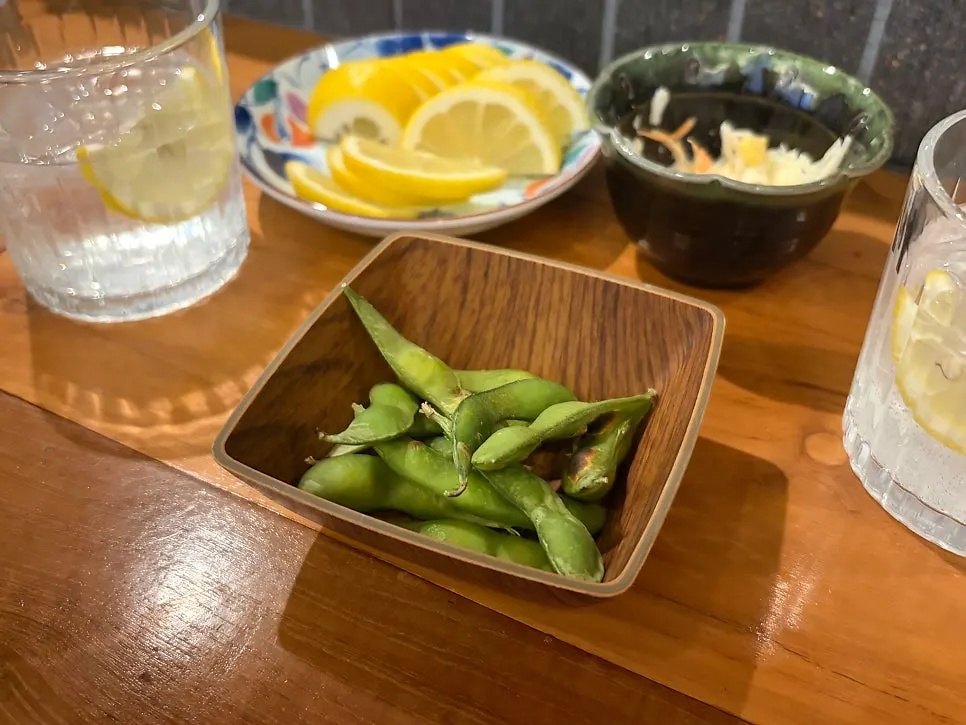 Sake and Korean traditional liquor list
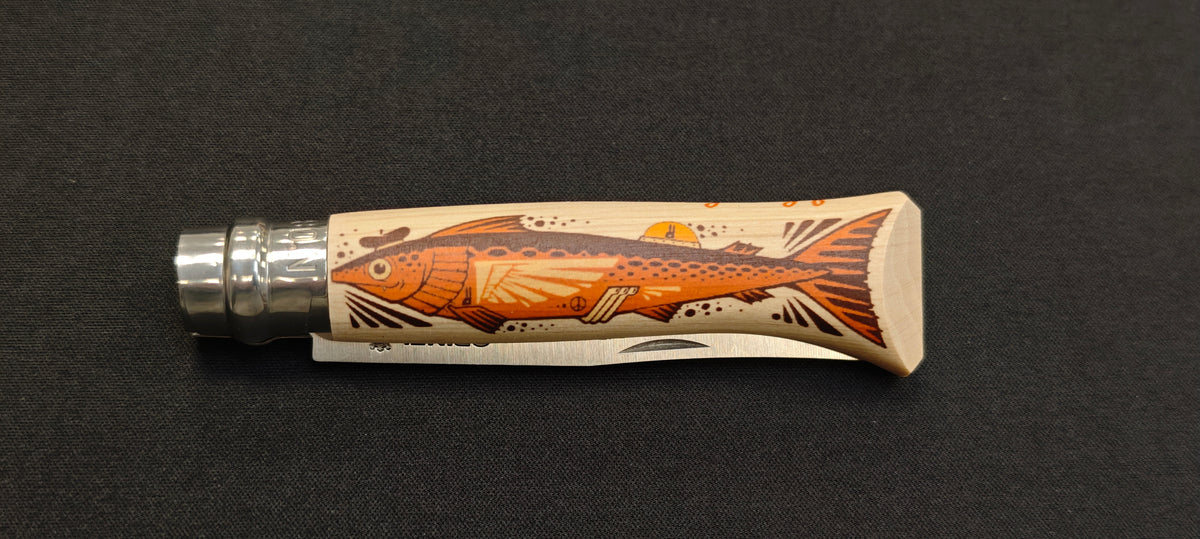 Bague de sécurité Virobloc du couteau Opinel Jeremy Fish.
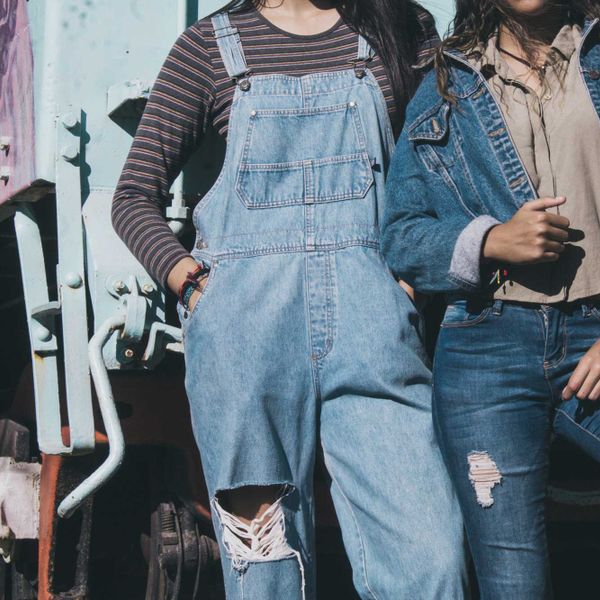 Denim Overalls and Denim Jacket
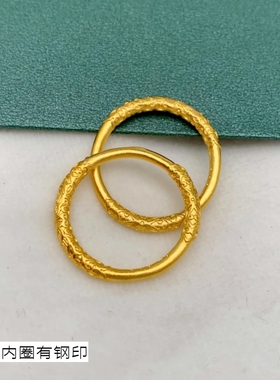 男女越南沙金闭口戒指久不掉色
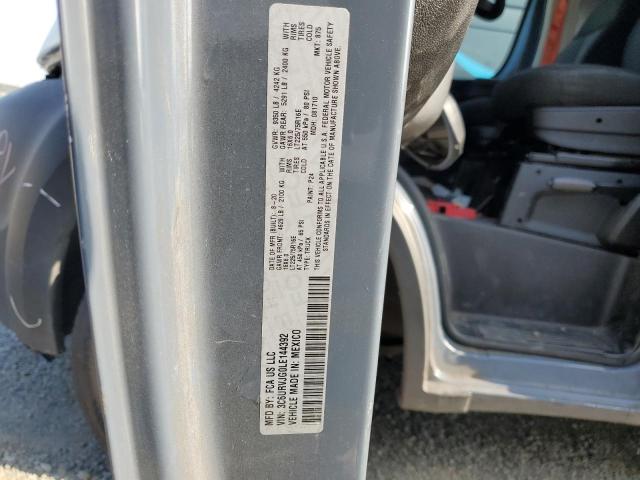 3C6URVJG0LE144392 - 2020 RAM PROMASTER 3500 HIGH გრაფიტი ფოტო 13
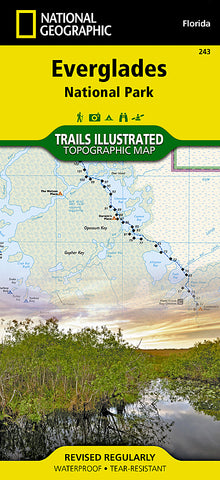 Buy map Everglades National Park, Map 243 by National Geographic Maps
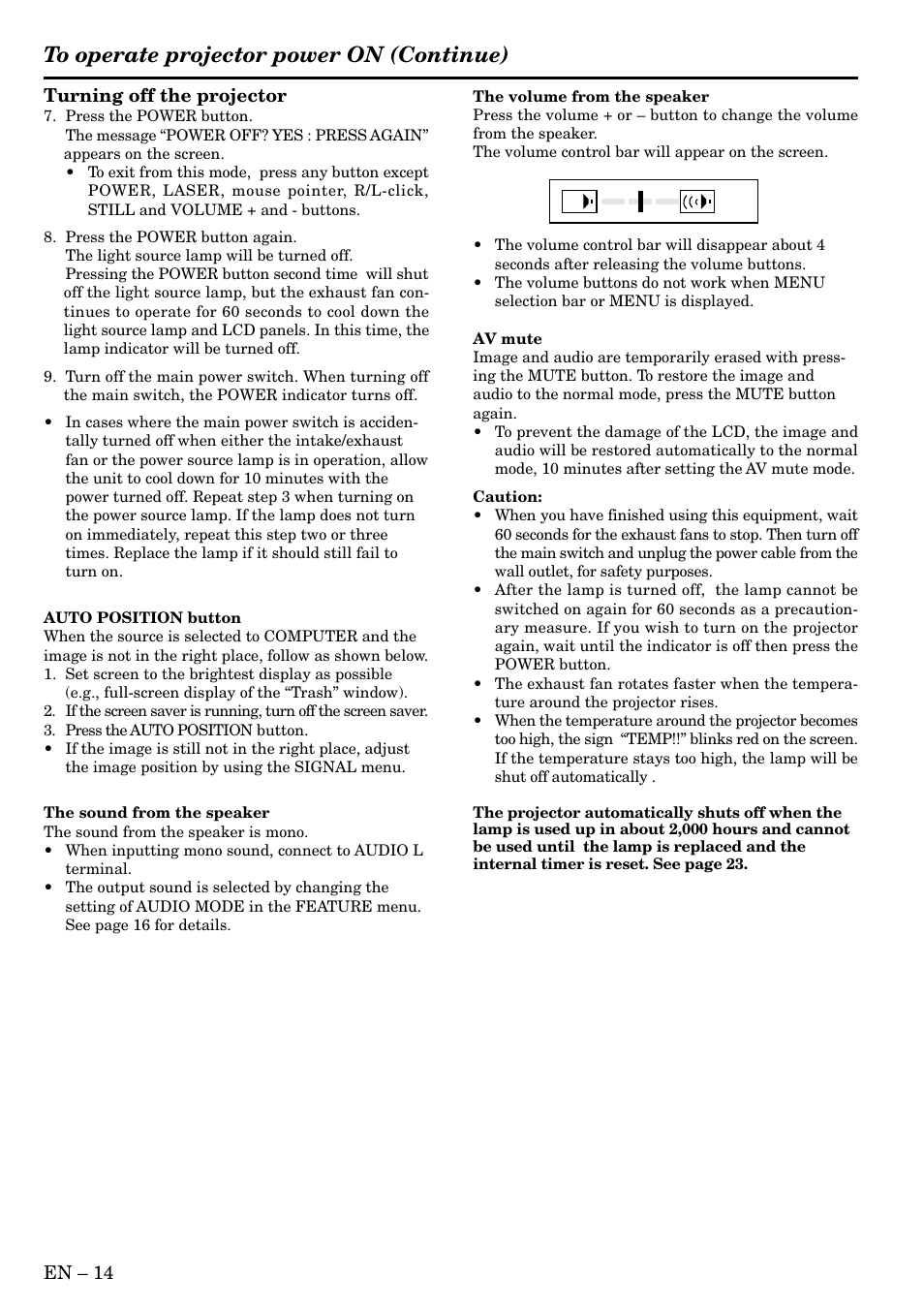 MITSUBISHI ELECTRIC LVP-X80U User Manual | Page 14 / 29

--

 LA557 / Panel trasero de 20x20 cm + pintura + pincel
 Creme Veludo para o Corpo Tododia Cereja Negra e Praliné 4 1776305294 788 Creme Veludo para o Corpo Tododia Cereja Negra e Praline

■ **INSTRUCTIONS FOR THE TASK**:
Start with the line above containing "Sake and Korean traditional liquor list" and end with the line containing "MITSUBISHI ELECTRIC LVP-X80U". Set down that stretch exactly, without any pictures.

■ **OUTPUT FOR THIS EXERCISE**:
 Sake and Korean traditional liquor list
 Bague de sécurité Virobloc du couteau Opinel Jeremy Fish.
 Denim Overalls and Denim Jacket
 男女越南沙金闭口戒指久不掉色
 3C6URVJG0LE144392 - 2020 RAM PROMASTER 3500 HIGH გრაფიტი ფოტო 13
 Buy map Everglades National Park, Map 243 by National Geographic Maps
 MITSUBISHI ELECTRIC LVP-X80U User Manual | Page 14 / 29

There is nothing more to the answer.